# Adios Amigos!



## nodakoutdoors.com (Feb 27, 2002)

Time to migrate north of the border boys. I'm hoping to have 300 minutes of footage and over 300 photos by the time I get home.

Despite the extreme cold temps and strong north winds the birds still aren't moving much from what I'm hearing, but with a week straight of that kind of weather it's bound to shake the birds up.

It got down in the teens last night and I saw 4 migrating flocks of lessers this morning over the house while packing up. Gotta love this time of year!

See ya when I get back! :rock:


----------



## buckseye (Dec 8, 2003)

Go gettem big shooter...lol... good luck!!!


----------



## DuckBuster (Mar 18, 2003)

Good luck, Guys!!! Not that you will need it! :wink:

Be Safe, Shoot Straight :sniper: , and have a few cocktails for the rest of us stuck @ Work!! :beer:

Following the previous statement in that order would probably be a good thing...


----------



## nodakoutdoors.com (Feb 27, 2002)

I'll take all the luck I can.....anything can top a flipped trailer from last year.


----------



## curty (Sep 18, 2003)

Go get em! chief!!! :lol: :run:


----------



## Madison (Mar 1, 2002)

sunday afternoon= pea field with about 20K snows! should be interesting monday morning.

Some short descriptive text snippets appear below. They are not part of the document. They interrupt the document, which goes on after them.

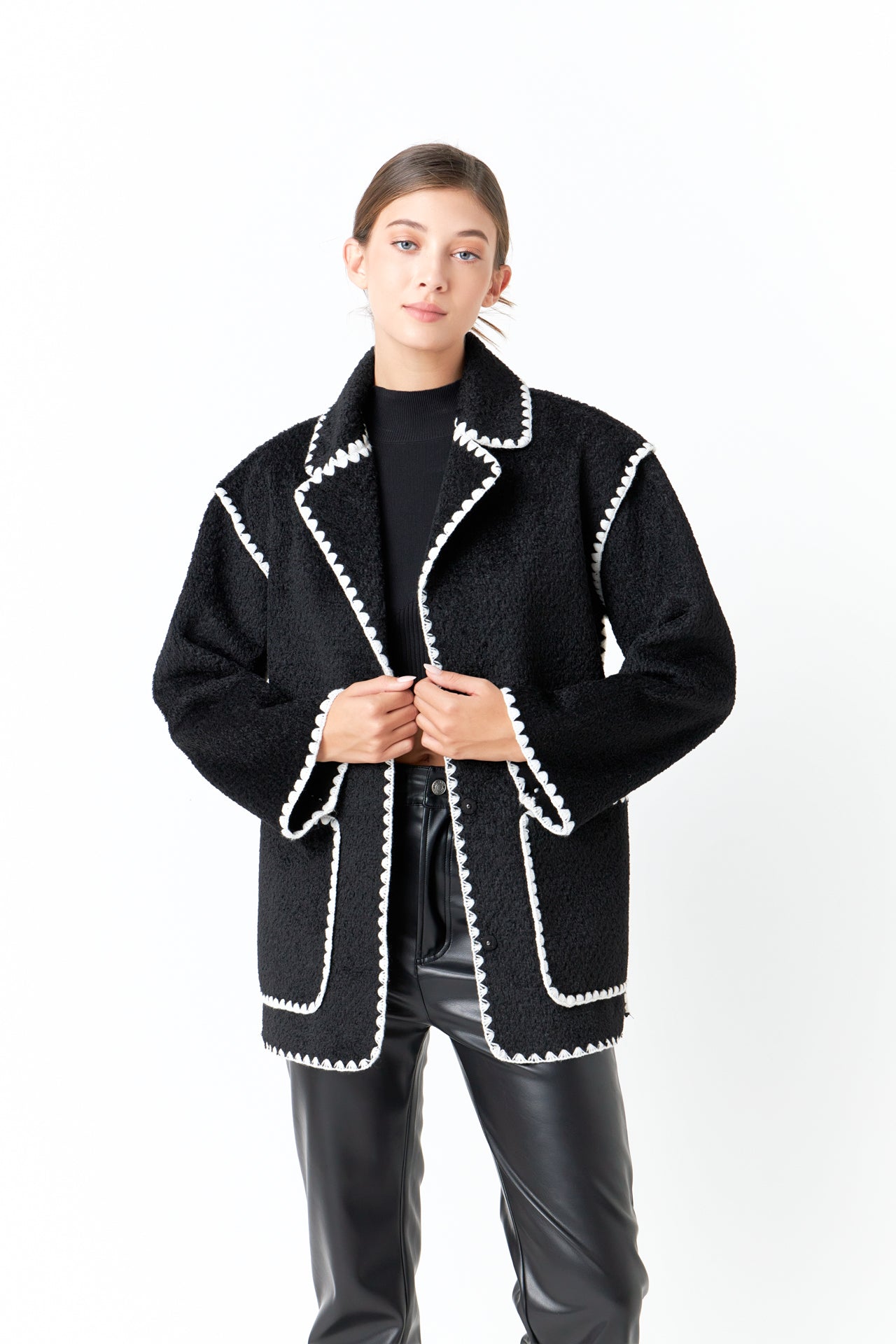 Stitched Throw Cardigan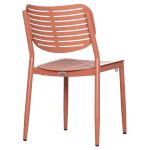 ΚΑΡΕΚΛΑ ΤΡΑΠΕΖΑΡΙΑΣ HILLIARD HM6645.08 ΑΛΟΥΜΙΝΙΟ ΣΕ TERRACOTTA 46x54x78Υεκ - Image 5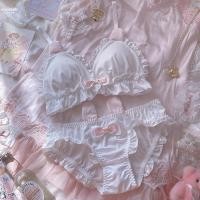 ราคา ขายร้อน F X Lolita ชุดชั้นในผู้หญิงกระต่ายเล็กหน้าอกแบนชุดชั้นในแบบบางไม่มีแหวนเหล็กสามเหลี่ยม (28863751187)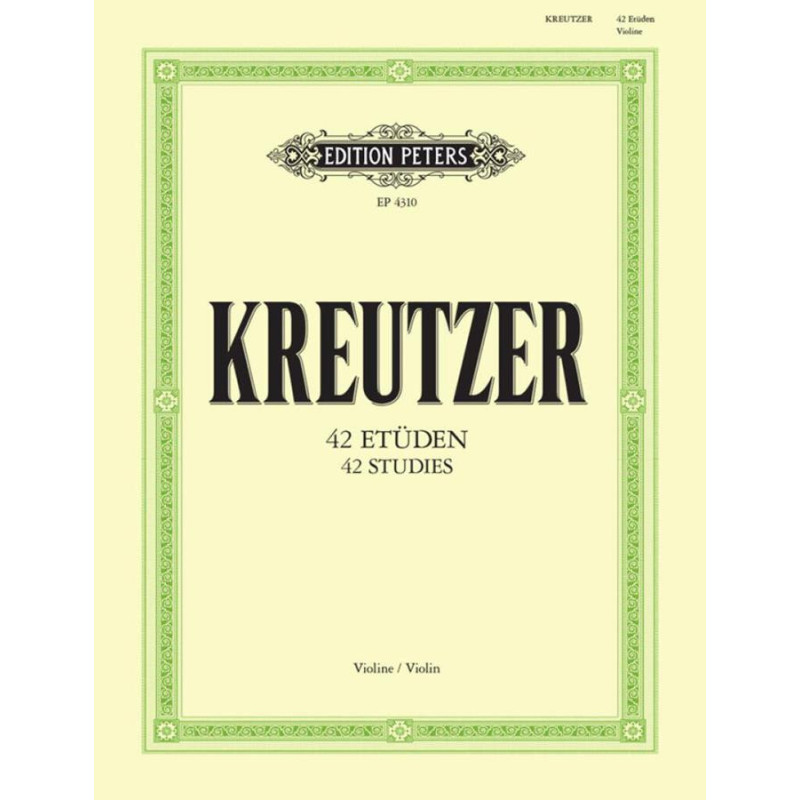 42 Etudes (Caprices) - Rudolf Kreutzer – Violino 42 studi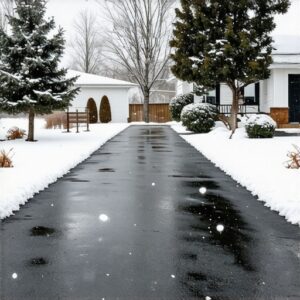 Read more about the article Clear driveways without a shovel: How snow melt systems work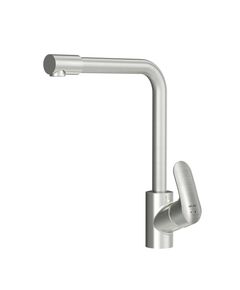 Купить F8005711 Like, смеситель для кухни с каналом для питьевой воды, L-излив, сатин, шт. (F8005711) по цене 13890 руб., в Санкт-Петебруге в интернет магазине 100-Систем, а также дургие товары AM.PM из раздела Смесители с подключением фильтра и Смесители для кухни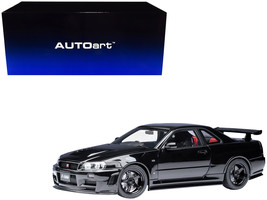 Nissan Nismo R34 GT-R Z-TUNE RHD Right Hand Drive Black Pearl 1/18 Model Car Aut - £216.38 GBP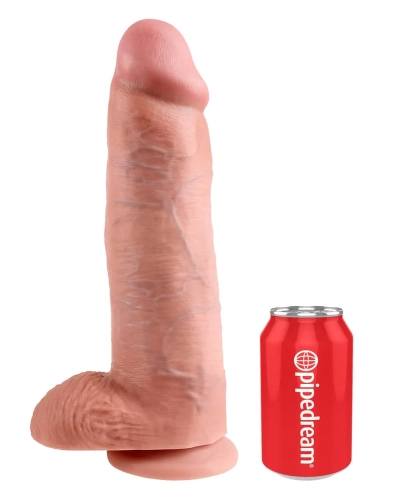 Dildo ve tvaru penisu s varlaty a přísavkou King Cock velké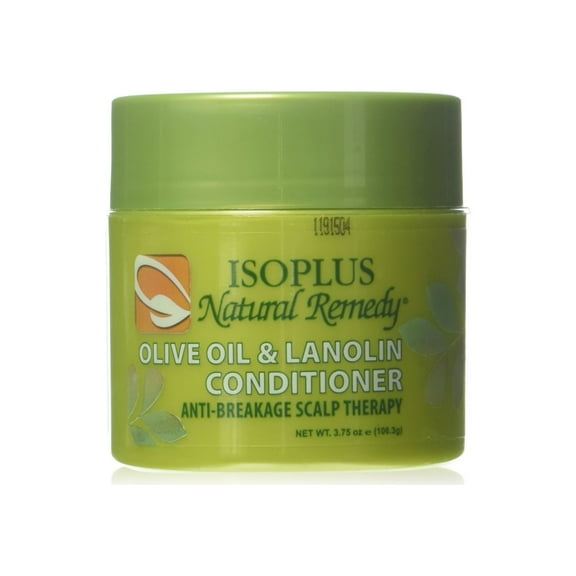 Isoplus Natural Remedy Olive Oil & Lanolin Conditioner 3.75 Oz.,Pack of 2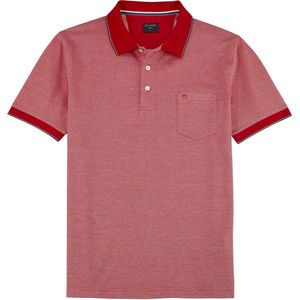 OLYMP - Casual Polo - Groen - Piquékatoen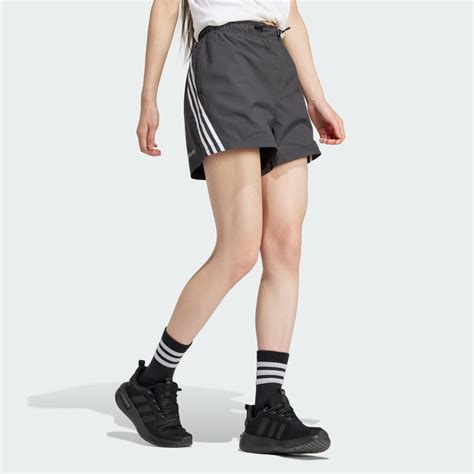 Adidas Future Icons 3 Stripes Woven Shorts Black Adidas UAE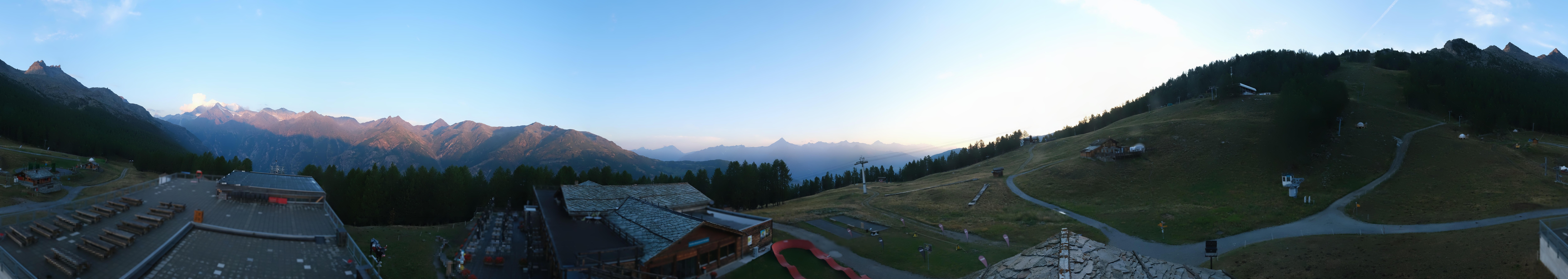 Archiv Foto Webcam Hannigalp Nord, Grächen im Wallis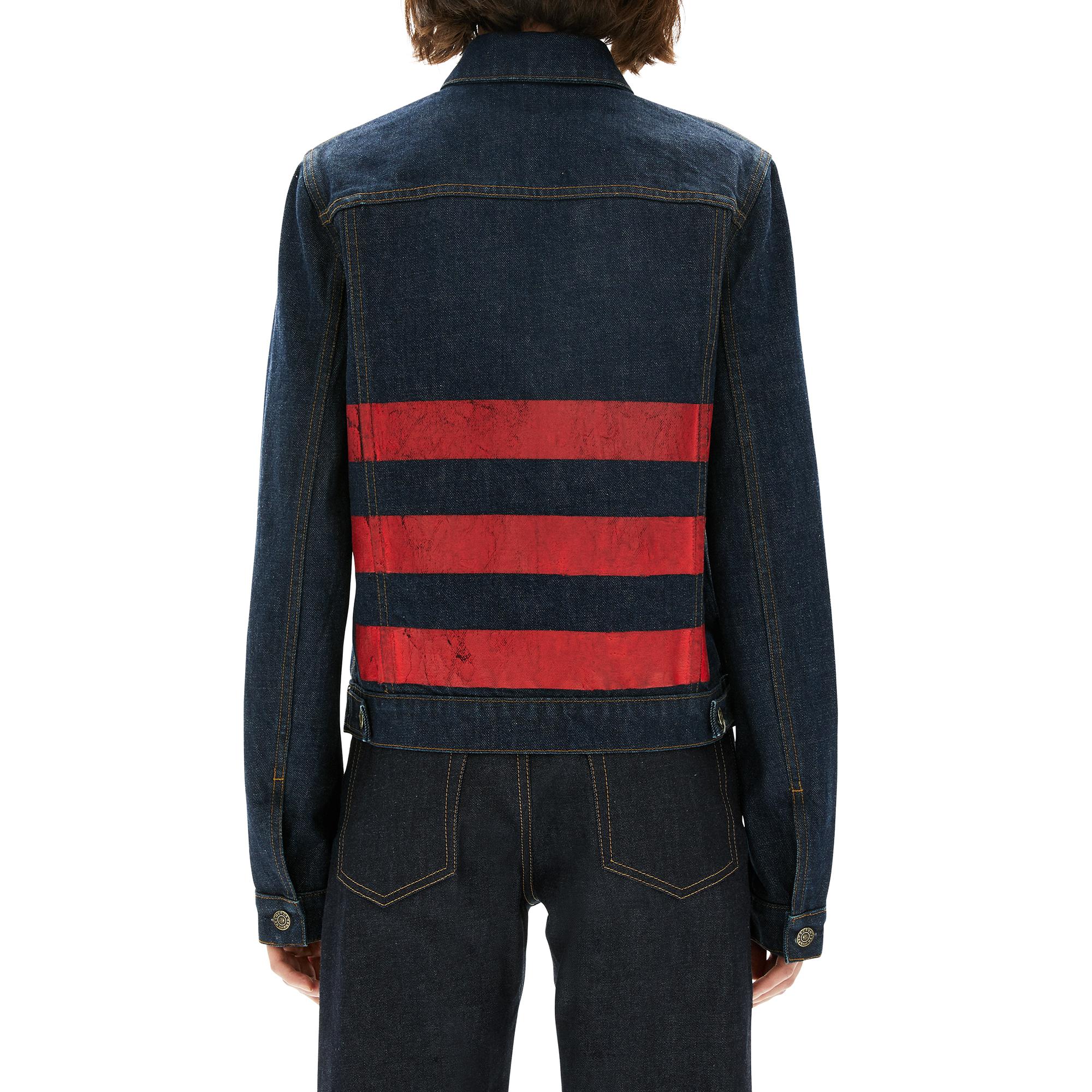 Helmut lang sale striped denim jacket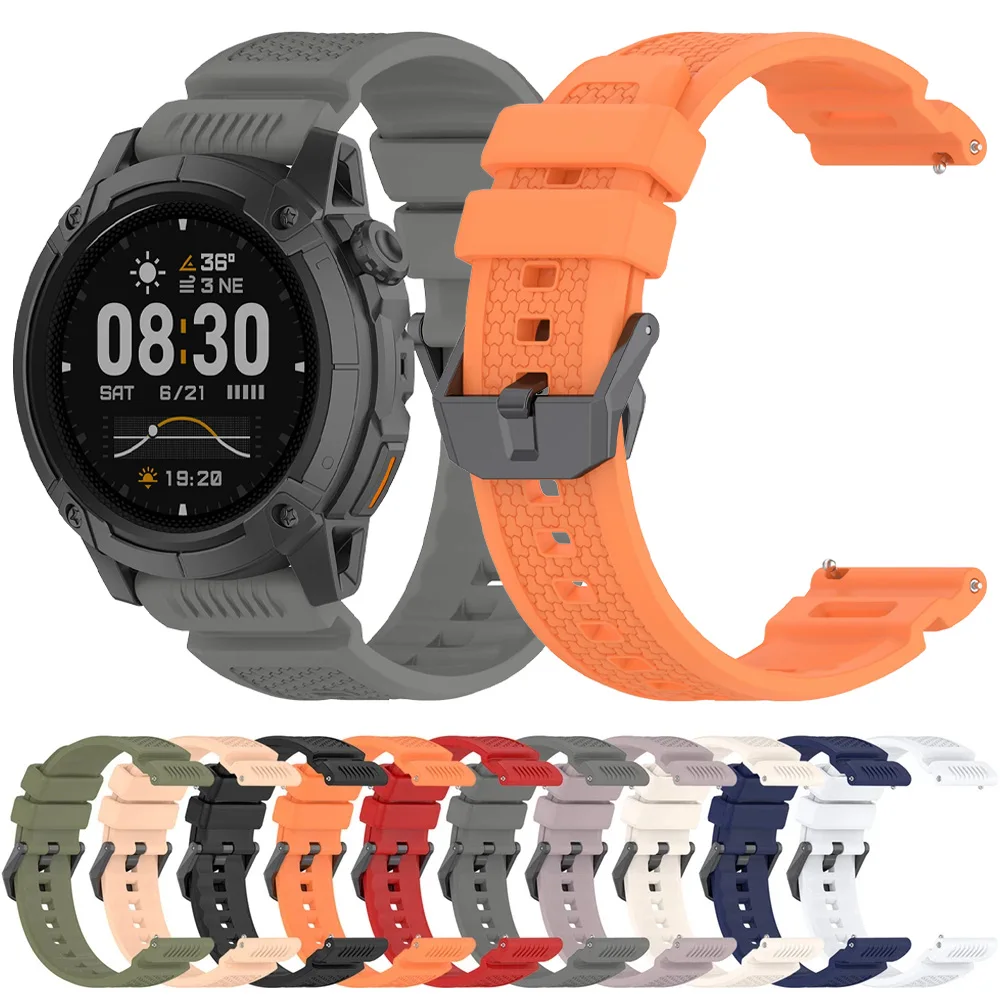 24mm Armor Silicone Strap For COROS APEX 4 46mm COROS NOMAD Garmin Venu X1 Smartwatch Sport Accessories Bracelet Band Adjustable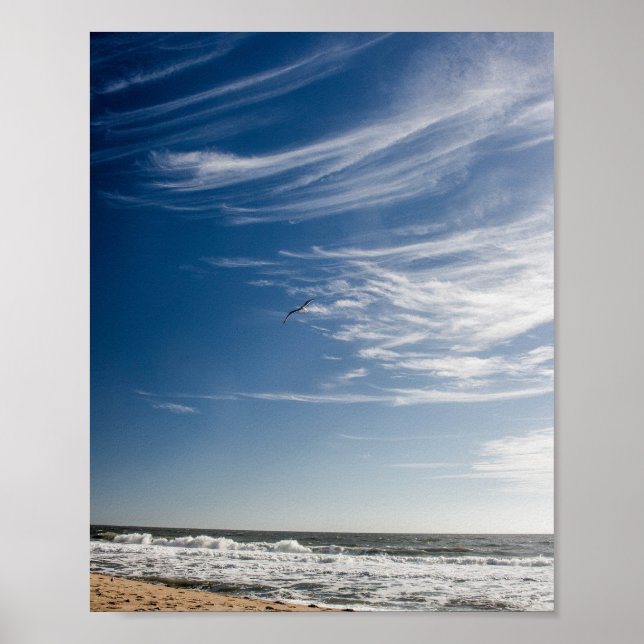 Beach Sky Poster (Front)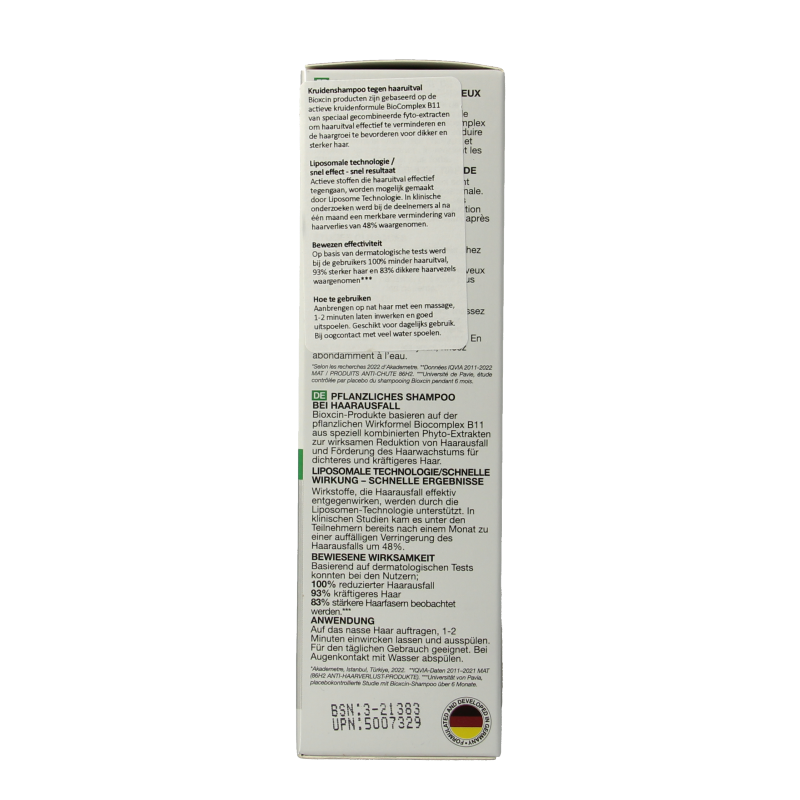 Bioxcin Shampoo vet haar 300 Milliliter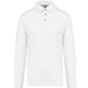 Kariban Polo jersey manches longues homme white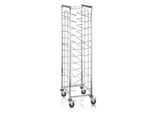 Carrello Portavassoi Per 12 Vassoi 45,5 X 35,5 Cm Acciaio Inox 16 Kg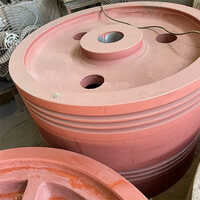 Maroon Cast Iron Crusher Flywheel
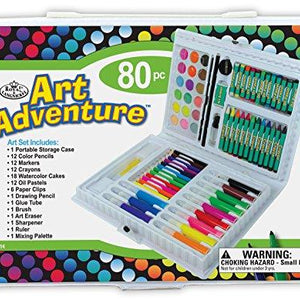 Royal Brush AVS-514 80 Piece Art Adventure Art Set, Multicolor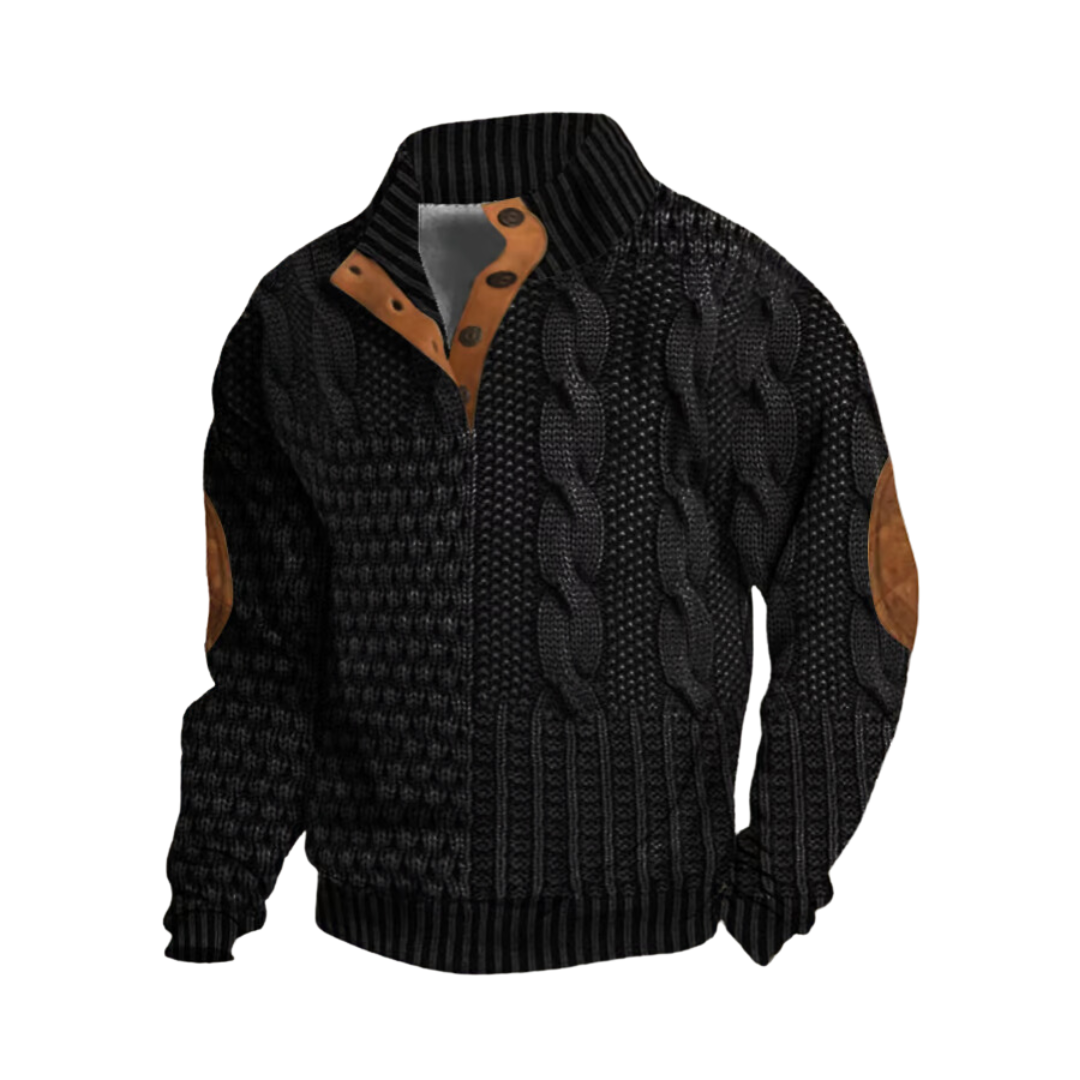 Louis - El Jersey Retro de Cuello Alto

Hustad's found a hotel with high speed so we'll post up the results....

leaving for scouting trip #2....

madison


----------



## KEN W (Feb 22, 2002)

Looks like a cold snowy week.Should be good hunting.


----------



## Goosepride (Sep 29, 2003)

Wish I was up there with them! They may have one of their best hunts ever!!


----------



## Ryan_Todd (Apr 11, 2004)

good luck chris and send some our way


----------



## Eric Hustad (Feb 25, 2002)

Man I was jealous at your house on Sat watching you guys pack up. Can't wait to hear how you did and remember to invite your brother for late season......


----------